WORK TO BE COMPLETED
The required output is an exact restatement of the lines, starting with the one that contains "Red Fire Hydrant" and finishing with the last line of the listing. It contains no pictures.

DATASET EXTRACT
━━━━━━━━━━

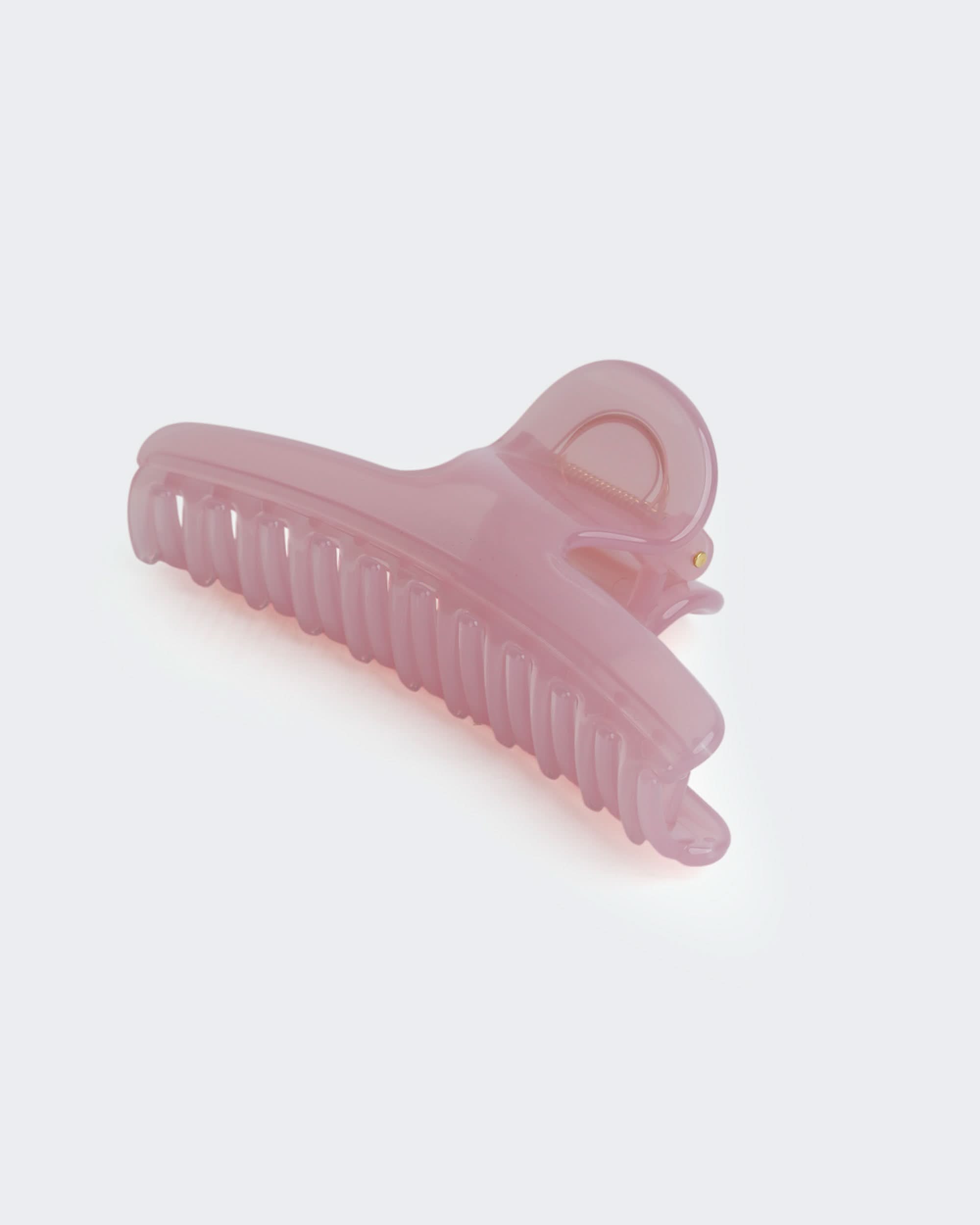 Eminent Women’s Hair Catcher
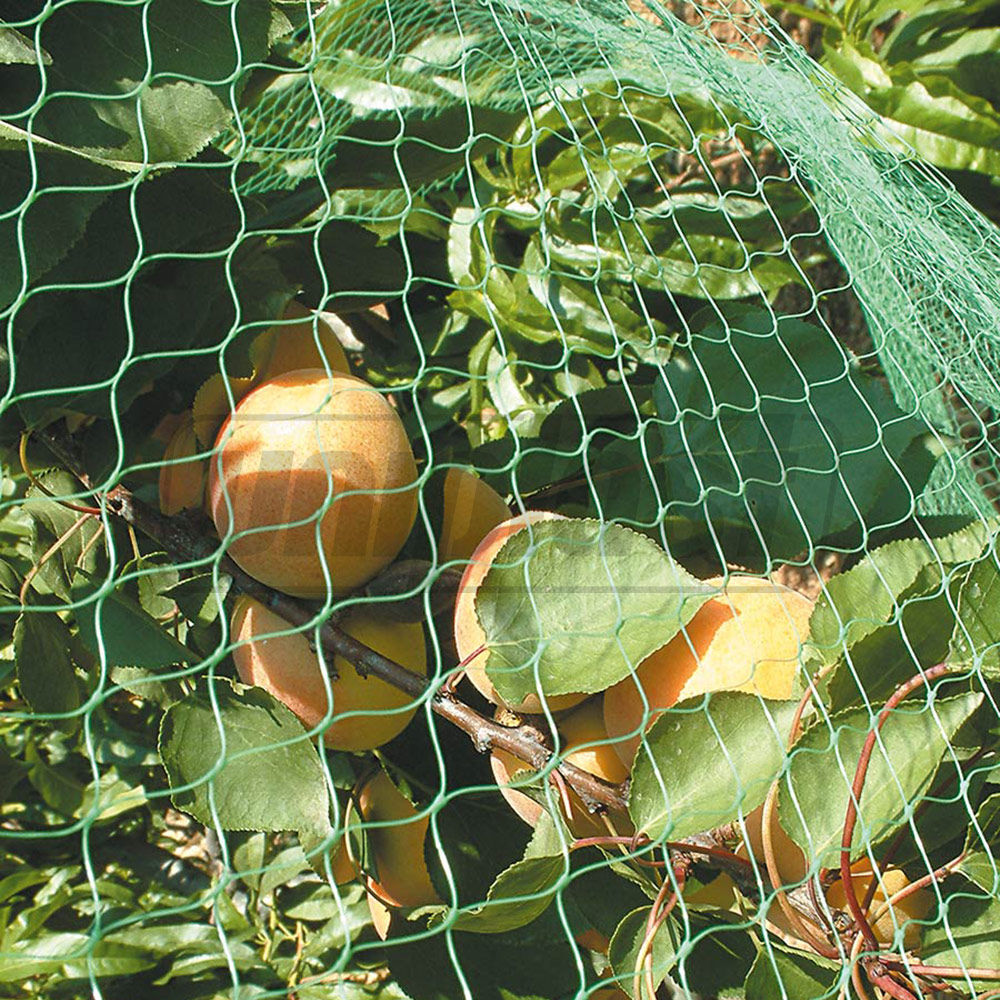 Plasa protectie anti-pasari 19 g/m² (4 m x 10 m) UA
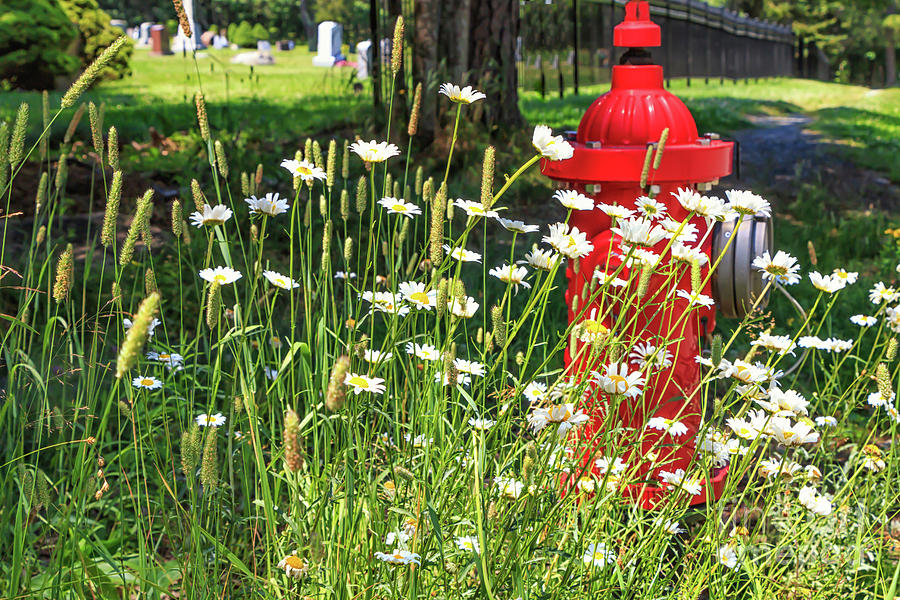 Red Fire Hydrant with Daisies  Photograph by Elizabeth Dow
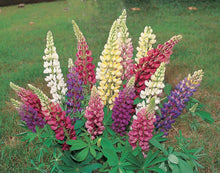 Photographie de Lupin mélange (Lupinus polyphyllus ‘Gallery’), sélection proposée en semences W.H. Perron. Le visuel présente l’apparence de la plante ou de sa récolte et permet d’en observer les formes et les couleurs. Cette vue illustre les caractéristiques visibles de la sélection, dans une présentation destinée à accompagner son identification et à montrer son intérêt au jardin.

━━━━━━━━━━

ANSWER FOR THE TASK
 Red Fire Hydrant with Daisies  Photograph by Elizabeth Dow
 Photographie de Lupin mélange (Lupinus polyphyllus ‘Gallery’), sélection proposée en semences W.H. Perron. Le visuel présente l’apparence de la plante ou de sa récolte et permet d’en observer les formes et les couleurs. Cette vue illustre les caractéristiques visibles de la sélection, dans une présentation destinée à accompagner son identification et à montrer son intérêt au jardin.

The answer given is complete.